NotReady results enumerate every failing predicate; the actor logs the transition once per state change rather than every pass.

Validation rules (Gate 9 foundation)

  • name matches ^[a-zA-Z][a-zA-Z0-9_-]*$ and is unique across [[evpn_ip_vrfs]].
  • vni is in 1..=16_777_215 and does not collide with any [[evpn_instances]] VNI.
  • rd parses as asn:value or ipv4:value.
  • route_targets is non-empty and every entry parses unless auto_derive_route_target = true.
  • auto_derive_route_target = true requires [global].asn <= 65535; 4-octet ASNs must configure route_targets manually.
  • local_vtep_ip is a valid unicast IP (rejects unspecified / multicast / loopback).
  • router_mac is a unicast non-zero MAC.
  • vrf_device and l3vxlan_device are non-blank.
  • table_id is > 0.
  • Every [[evpn_instances]].ip_vrf resolves to a declared IP-VRF.
  • [[evpn_ip_vrfs]] is restart-required — SIGHUP pins the in-memory snapshot back to the startup value, same lifecycle as [[evpn_instances]]. EvpnService.ApplyEvpnRuntime can live-commit a single IP-VRF add, standalone delete, or redefine with unchanged L3VNI/device/table identity, and an atomic tenant teardown that drops a linked IP-VRF together with its L2VNI (and any Ethernet Segment) in one pass; ip_vrf relink and L3VNI/device/table IP-VRF redefine remain fail-closed #210 shapes.

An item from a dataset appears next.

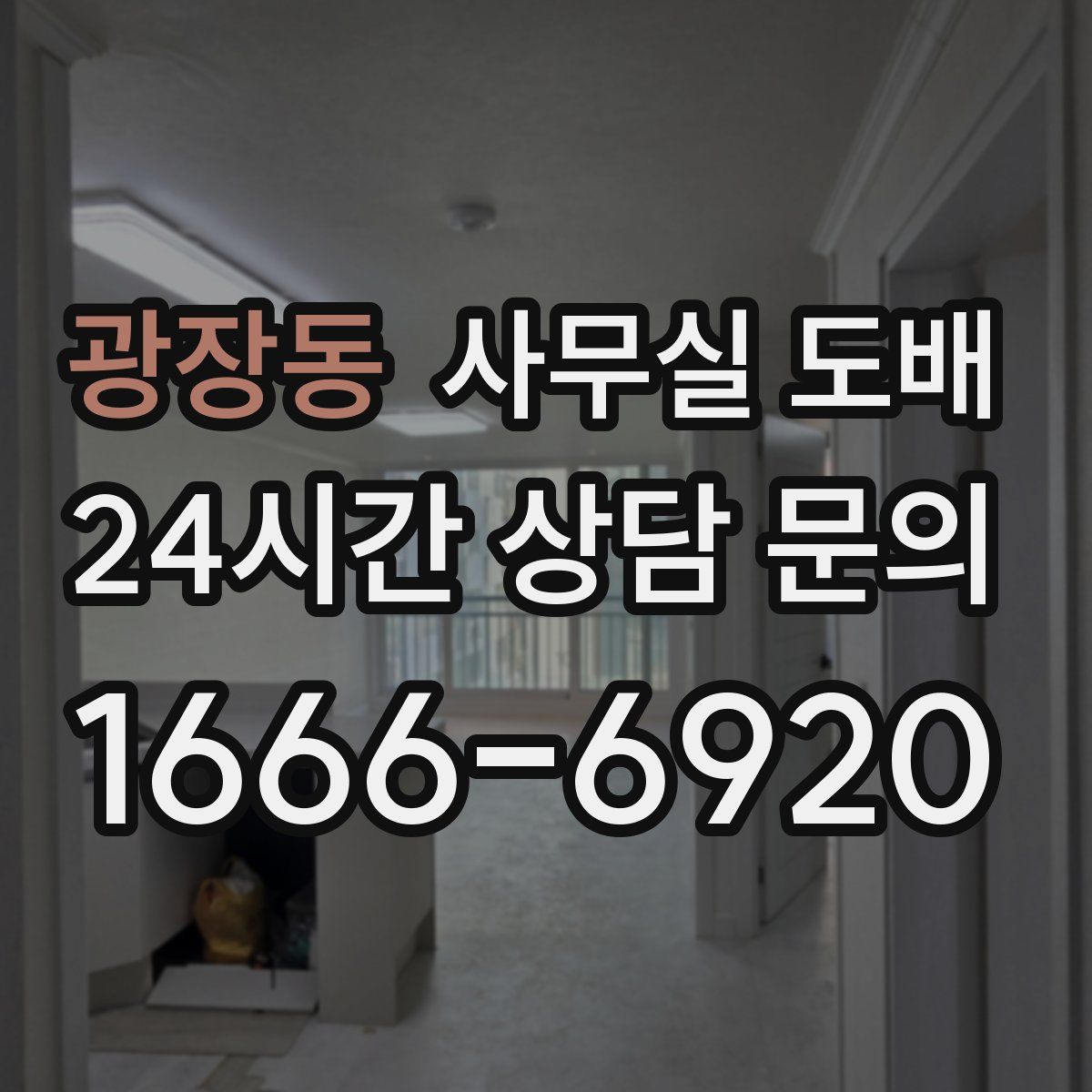 광장동 사무실 도배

See ADR-0058 for the design rationale.


[event_history]

Durable event-history outbox (ADR-0072). A daemon-local SQLite WAL store that survives daemon restart with a monotonic event_id cursor. External collectors bridge to their own bus (Kafka, NATS, Vector, journald, custom) over the existing gRPC event-stream RPCs; rustbgpd itself does not try to be an event bus.

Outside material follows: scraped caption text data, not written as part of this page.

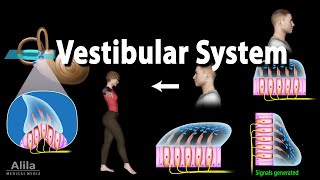 The Vestibular System Animation [upl. by Millard665]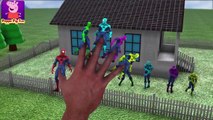 Spiderman Finger Family Song 3D  |  Finger Family Nursery Rhymes Spiderman Cartoon Learning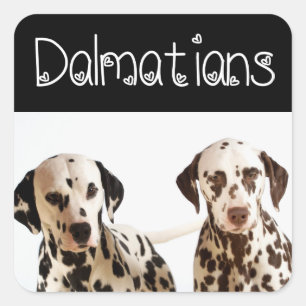Autocollants de salutation de chiot dalmatien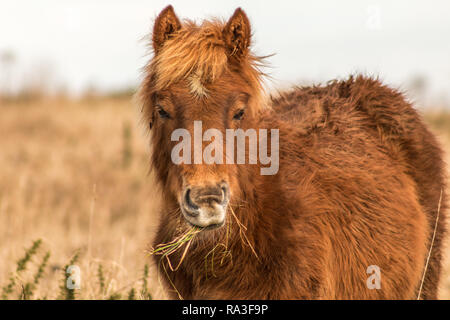 Wilden Ponys Weiden auf Cissbury Ring, West Sussex, Großbritannien Stockfoto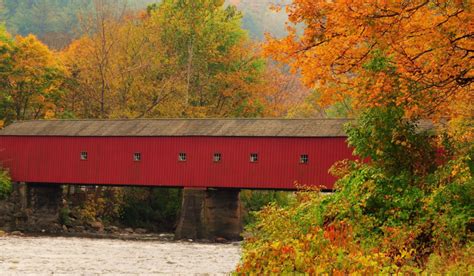 Fall Foliage And Fun Autumn Activities To Do In Connecticut The Informer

Opt-in — default off as of v0.32.0. The outbox is disabled by default; operators who want restart-safe event replay set enabled = true and restart. It is off by default because v0.32.0 benchmarking measured a material always-on cost (~62 MB RSS and roughly double the peak CPU at 2p/100k); a routing daemon should be lean by default. While disabled, SubscribeFromEvent and gNMI Subscribe ON_CHANGE return FAILED_PRECONDITION; the live WatchEvents / WatchRoutes / List*Events surfaces are unaffected. When enabled, the outbox is bounded by a hard max_events count cap plus a max_bytes retention trigger. SQLite reuses freed pages after DELETE and does not guarantee that the main database file immediately shrinks without a future compaction pass, so max_bytes is an operational target rather than a strict filesystem ceiling in v1.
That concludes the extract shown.